BOXING AND WRESTLING

In some, if not most states the judges, timekeeper, and other event staff are hired by the commission because of their prior relationships. Judges specifically are often old boxing judges or promoters, and sometimes pro wrestling promoters who went out of business. This practice will continue because if you have ever been around a commission then you know they often power trip and puff their chests out if challenged on anything of circumstance. Maybe removing corrupt, power hungry commission members should be priority one? I’m talking to you southern states… This might stop them from hiring their boxing and wrestling buddies and putting the careers of MMA fighters in their hands.

VETERANS

This one is tricky. If you were to put MMA veterans as judges, like a Rich Franklin, who could be impartial and fair we would all be better off. Guys like Rich are dedicated ambassadors to the sport. Some fighters might hold a grudge against a younger fighter because they represent a once rival fight team, or their coach is an old rival. It would be hard to distinguish the two, but here’s a suggestion. Select veterans who never fought in a specific organization. Example: Bellator veteran as a judge in the UFC and vice versa. It could work if they were thorough in their selection process for judges.

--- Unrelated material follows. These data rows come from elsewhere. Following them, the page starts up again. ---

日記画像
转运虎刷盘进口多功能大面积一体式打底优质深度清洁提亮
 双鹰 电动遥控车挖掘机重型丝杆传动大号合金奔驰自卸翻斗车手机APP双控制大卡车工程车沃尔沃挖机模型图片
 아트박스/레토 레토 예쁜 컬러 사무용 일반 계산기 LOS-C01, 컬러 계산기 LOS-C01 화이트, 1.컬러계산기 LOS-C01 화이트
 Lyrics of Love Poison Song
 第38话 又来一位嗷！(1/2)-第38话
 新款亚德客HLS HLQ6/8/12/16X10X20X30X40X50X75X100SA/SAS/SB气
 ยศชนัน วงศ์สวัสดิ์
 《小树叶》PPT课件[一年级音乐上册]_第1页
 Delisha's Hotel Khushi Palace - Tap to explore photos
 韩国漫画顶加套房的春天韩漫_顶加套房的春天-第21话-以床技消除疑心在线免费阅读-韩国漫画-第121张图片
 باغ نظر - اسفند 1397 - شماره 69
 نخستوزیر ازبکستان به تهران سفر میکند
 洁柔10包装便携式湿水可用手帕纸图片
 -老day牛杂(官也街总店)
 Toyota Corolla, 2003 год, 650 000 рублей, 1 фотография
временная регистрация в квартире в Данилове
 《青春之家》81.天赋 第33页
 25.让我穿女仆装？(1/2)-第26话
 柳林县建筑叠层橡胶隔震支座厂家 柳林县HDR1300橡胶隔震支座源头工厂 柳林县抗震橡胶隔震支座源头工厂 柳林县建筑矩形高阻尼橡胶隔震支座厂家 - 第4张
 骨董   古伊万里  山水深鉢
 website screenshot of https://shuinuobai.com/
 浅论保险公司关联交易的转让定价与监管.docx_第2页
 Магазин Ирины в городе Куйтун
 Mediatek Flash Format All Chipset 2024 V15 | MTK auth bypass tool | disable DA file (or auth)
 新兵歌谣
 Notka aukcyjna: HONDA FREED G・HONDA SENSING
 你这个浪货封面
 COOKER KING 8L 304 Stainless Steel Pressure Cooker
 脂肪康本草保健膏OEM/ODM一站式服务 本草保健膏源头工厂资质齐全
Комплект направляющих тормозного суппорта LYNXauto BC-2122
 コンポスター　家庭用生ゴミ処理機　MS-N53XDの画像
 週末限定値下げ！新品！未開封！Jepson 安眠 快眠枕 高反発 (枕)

Veteran fighters are used to being in precarious situations in fighting. They could sense, see, and know when a fighter is in jeopardy, and when a fight should be called off better than guys who go to a school. After the non-fighters go to a short ref course they jump right in to stepping in the cage. Scary.

INTERNATIONAL

The use of an international commission would take the power away from some of the the locals who might not have the sport’s best interest in mind and give a bigger selection pool to choose from. They would be able to pull the best officials from a worldwide collection of experts. I cannot stress enough how states could use this and you can ask one of the best commission members in history I know who would probably not like his name used. He welcomes any and all improvements regardless of position, stature, nationality, background, or reputation. As long as you can get the job done correctly he will consider your involvement. There are other states that are content with keeping things close to the belt via the good old boy network.

FIVE ALIVE

Five judges. I know it sounds crazy but hear me out. Five round fights are easier to judge than three sometimes because in a close fight you often have an easier time scoring, mainly because the championship rounds are when fighters pull away from their opponents. To judge only three rounds is harder. Less to choose from and they are often much closer than five round bouts because there is less fatigue. There is always one judge, that guy, who gets it wrong, like bad wrong. Five judges would nullify that. Three of them would get it right while you can bet two would get it wrong. Majority wins in this situation.

STRICT AND STRAIGHT

All judges and officials should have to intern with someone in their position. Judges should score fights alongside an established judge. After the fight they would compare and discuss. Both might learn something from the other. A ref should watch tapes with an established ref and ask questions, give his take on when a fight should be stopped, or things of that nature. Then, they would attend a month of events and do the same with live bouts. They need to make sure these people are trained properly.

Hit or Miss?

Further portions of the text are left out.